Large TCP kernel buffering cause application to fail on FIN - tcp

I’d like to reopen a previous issue that was incorrectly classified as a network engineering problem and after more test, I think it’s a real issue for programmers.
So, my application streams mp3 files from a server. I can’t modify the server. The client reads data from the server as needed which is 160kbits/s and feeds it to a DAC. Let’s use a file the file of 3.5MB.
When the server is done sending last byte, it closes the connection, so it sends a FIN, seems normal practice.
The problem is that the kernel, especially on Windows, seems to store 1 to 3 MB of data, I assume TCP window size has fully opened.
After a few seconds, the server has sent the whole 3.5 MB and about 3MB sit inside the kernel buffer. At this point the server has sent FIN which is ACK in due time.
From a client point of view, it continues reading data by chunk of 20kB and will do that for the next 3MB/20 ~= 150s before it sees the EOF.
Meanwhile the server is in FIN_WAIT_2 (and not TIME_WAIT as I initially wrote, thank to Steffen for correcting me. Now, OS like Windows seems to have a half-closed socket timer that starts with sending their FIN and be as small as 120s, regardless of the actual TCPWindowsize BTW). Of course after 120s it considers that it should have received a client’s FIN, so it sends a RST. That RST cause all client’s kernel buffer to be discarded and the application fails.
As code is required, here is:
int sock = socket(AF_INET, SOCK_STREAM, 0);
struct sockaddr_in addr;
addr.sin_addr.s_addr = htonl(INADDR_LOOPBACK);
addr.sin_family = AF_INET;
addr.sin_port = htons(80);
int res = connect(sock, (const struct sockaddr*) & addr, sizeof(addr));
char* get = "GET /data-3 HTTP/1.0\n\r"
"User-Agent: mine\n\r"
"Host: localhost\n\r"
"Connection: close\n\r"
"\n\r\n\r";
bytes = send(sock, get, strlen(get), 0);
printf("send %d\n", bytes);
char *buf = malloc(20000);
while (1) {
int n = recv(sock, buf, 20000, 0);
if (n == 0) {
printf(“normal eof at %d”, bytes);
close(sock);
break;
}
if (n < 0) {
printf(“error at %d”, bytes);
exit(1);
}
bytes += n;
Sleep(n*1000/(160000/8));
}
free(buf);
closesocket(sock);
It can be tested with any HTTP server.
I know there are solutions by having a handshake with the server before it closes the socket (but server is just an HTTP server) but the kernel level of buffering make that a systematic failure when its buffer are larger than the time to consume them.
The client is perfectly real time in absorbing data.
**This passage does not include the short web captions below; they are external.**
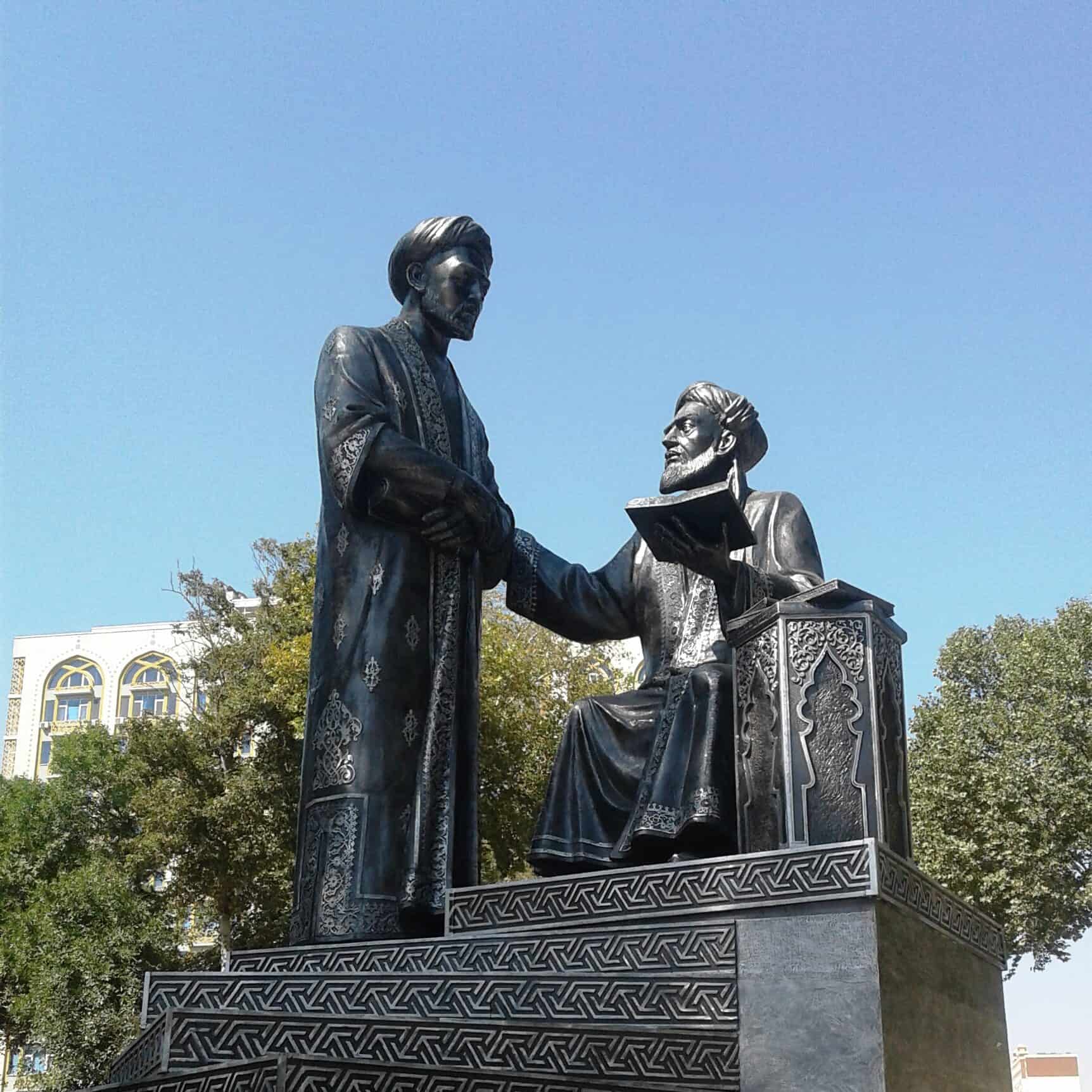 Monument de Alisher Navoï et Djami à Douchanbé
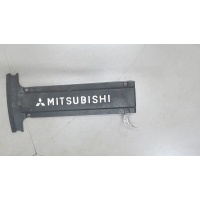 Пластик (обшивка) моторного отсека, перед. левая=правая Mitsubishi Lancer 9 2003-2006 2006 MD345074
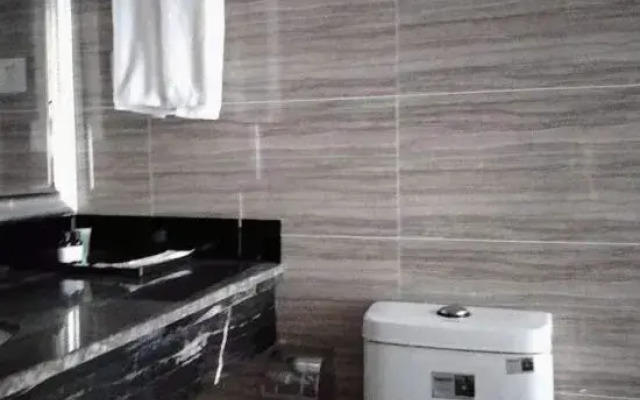 Amy's Apartment (Yangxi Moon Bay)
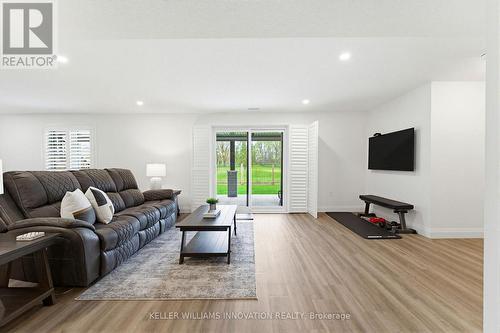 37 Gilmer Crescent, North Perth, ON - Indoor Photo Showing Living Room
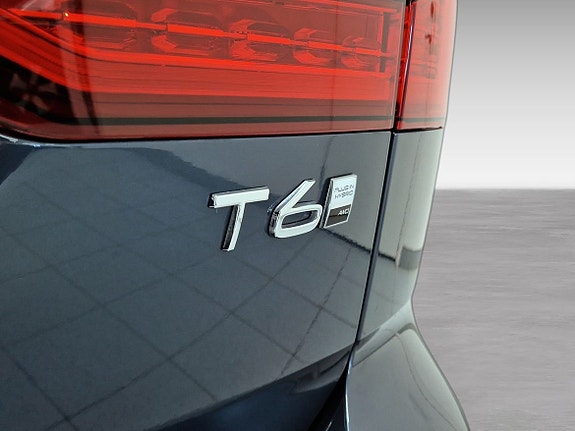 Volvo V60 14 of 15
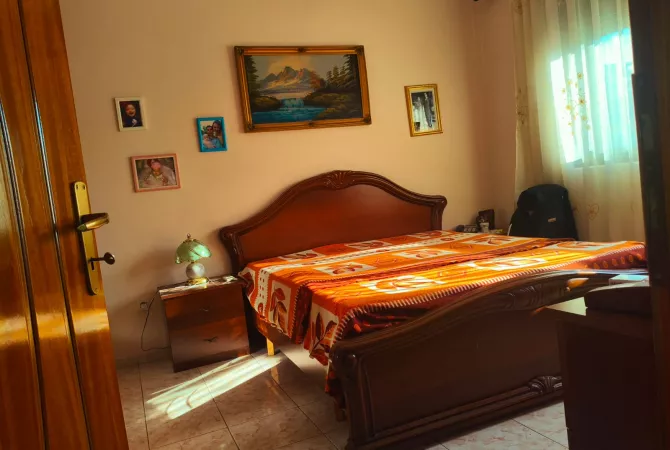 Shtepi me qera Apartament ne Tirane, 1+1, Mobilimi E mobiluar, Pagesa 400  Euro.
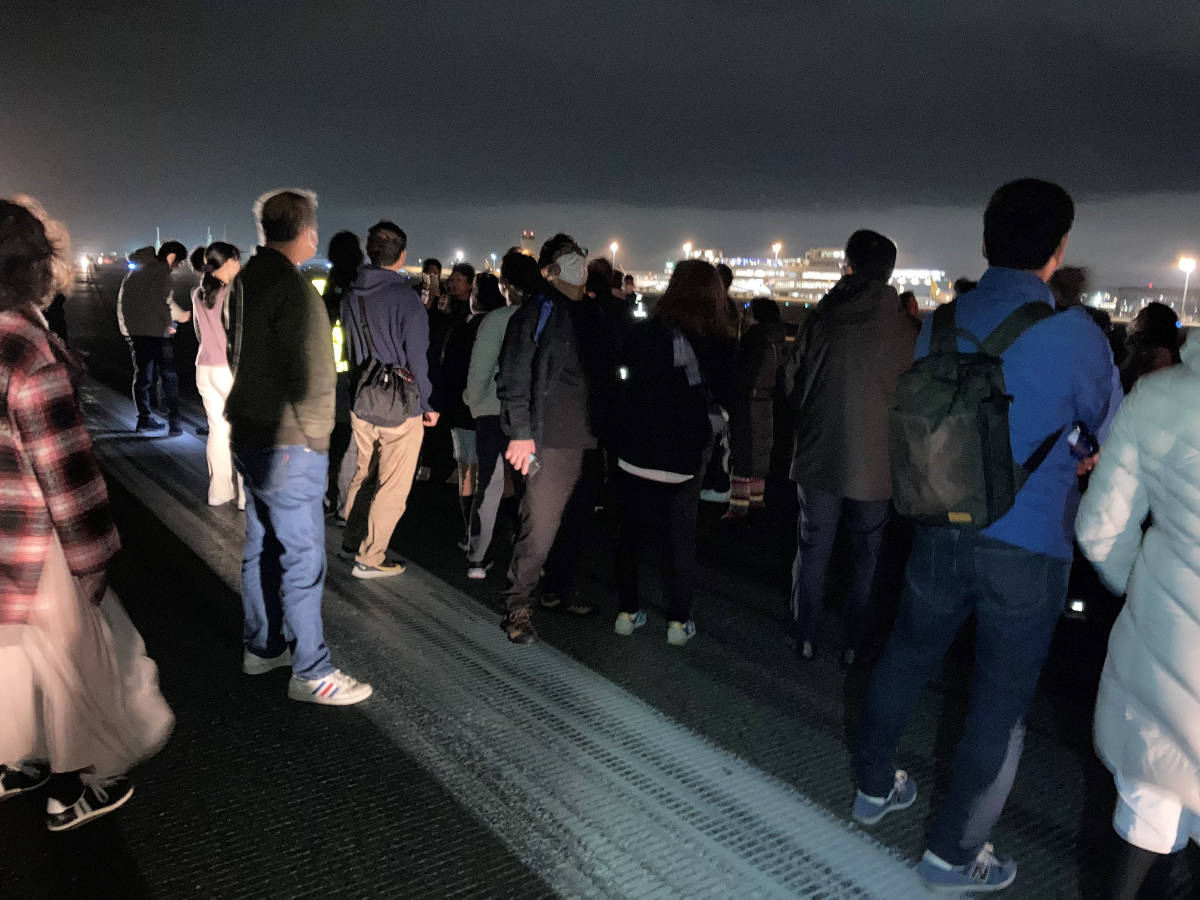 神戸空港で「滑走路ナイトウォークツアー」開催　神戸市 [画像]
Having a larger client buffer or no buffer at all does not change the issue which seems a system design flaw to me, unless there is possibility to either control kernel buffers, at the application level, not the whole OS, or detect a FIN reception at client level before the EOF of recv(). I’ve tried to change SO_RCVBUF but it does not seems to influence logically this level of kernel buffering.
Here is a capture of one successful and one failed exchange
success
3684 381.383533 192.168.6.15 192.168.6.194 TCP 54 [TCP Retransmission] 9000 → 52422 [FIN, ACK] Seq=9305427 Ack=54 Win=262656 Len=0
3685 381.387417 192.168.6.194 192.168.6.15 TCP 60 52422 → 9000 [ACK] Seq=54 Ack=9305428 Win=131328 Len=0
3686 381.387417 192.168.6.194 192.168.6.15 TCP 60 52422 → 9000 [FIN, ACK] Seq=54 Ack=9305428 Win=131328 Len=0
3687 381.387526 192.168.6.15 192.168.6.194 TCP 54 9000 → 52422 [ACK] Seq=9305428 Ack=55 Win=262656 Len=0
failed
5375 508.721495 192.168.6.15 192.168.6.194 TCP 54 [TCP Retransmission] 9000 → 52436 [FIN, ACK] Seq=5584802 Ack=54 Win=262656 Len=0
5376 508.724054 192.168.6.194 192.168.6.15 TCP 60 52436 → 9000 [ACK] Seq=54 Ack=5584803 Win=961024 Len=0
6039 628.728483 192.168.6.15 192.168.6.194 TCP 54 9000 → 52436 [RST, ACK] Seq=5584803 Ack=54 Win=0 Len=0

Here is what I think is the cause, thanks very much to Steffen for putting me on the right track.
an mp3 file is 3.5 MB at 160 kbits/s = 20 kB/s
a client reads it at the exact required speed, 20kB/sec, let's say one recv() of 20kB per second, no pre-buffering for simplicity
some OS, like Windows, can have very large TCP kernel buffer (about 3MB or more) and with a fast connection, the TCP windows size is widely open
in a matter of seconds, the whole file is sent to the client, let's say that about 3MB are in the kernel buffers
as far as the server is concerned, all has been sent and acknowledge, so it does a close()
the close() sends a FIN to the client which responds by an ACK and the server enters FIN_WAIT_2 state
BUT, at that point from a client point of view, all recv() will have plenty of read for the next 150 s before it sees the eof!
so client, will not do a close() and thus will not send a FIN
the server is in FIN_WAIT_2 state and according to the TCP specs, it should stay like that forever
now, various OS (Windows at least) start a timer similar to TIME_WAIT (120s) when starting a close(), or when receiving the ACK of their FIN, that I don't know (in fact Windows has a specific registry entry for that, AFAIK). This is to more aggressively deal with half-closed sockets.
of course, after 120s, the server has not seen a client's FIN and sends a RST
that RST is received by the client and causes an error there and all the remaining data in the TCP buffers to be discarded and lost
of course, not of that happens with high bitrate formats as the client consumes data fast enough so that the kernel TCP buffers are never idle for 120s and it might not happen for low bit rate when the application buffering system reads it all. It has to be the bad combination of bitrate, file size and kernel's buffers... hence it does not happen all the time.
That's it. That can be reproduced with a few lines of code and every HTTP server. This can be debated, but I see that as a systemic OS issue. Now, the solution that seems to work is to force client's receive buffers (SO_RCVBUF) to a lower level so that the server has little chances to have sent all data and that data sits in client's kernel buffers for too long. Note that this can still happen though if the buffer is 20kB and the client consumes it at 1B/s... hence I call it a systemic failure instead. Now I agree that some will see that as an application issue

Related

TCP Server sends [ACK] followed by [PSH,ACK]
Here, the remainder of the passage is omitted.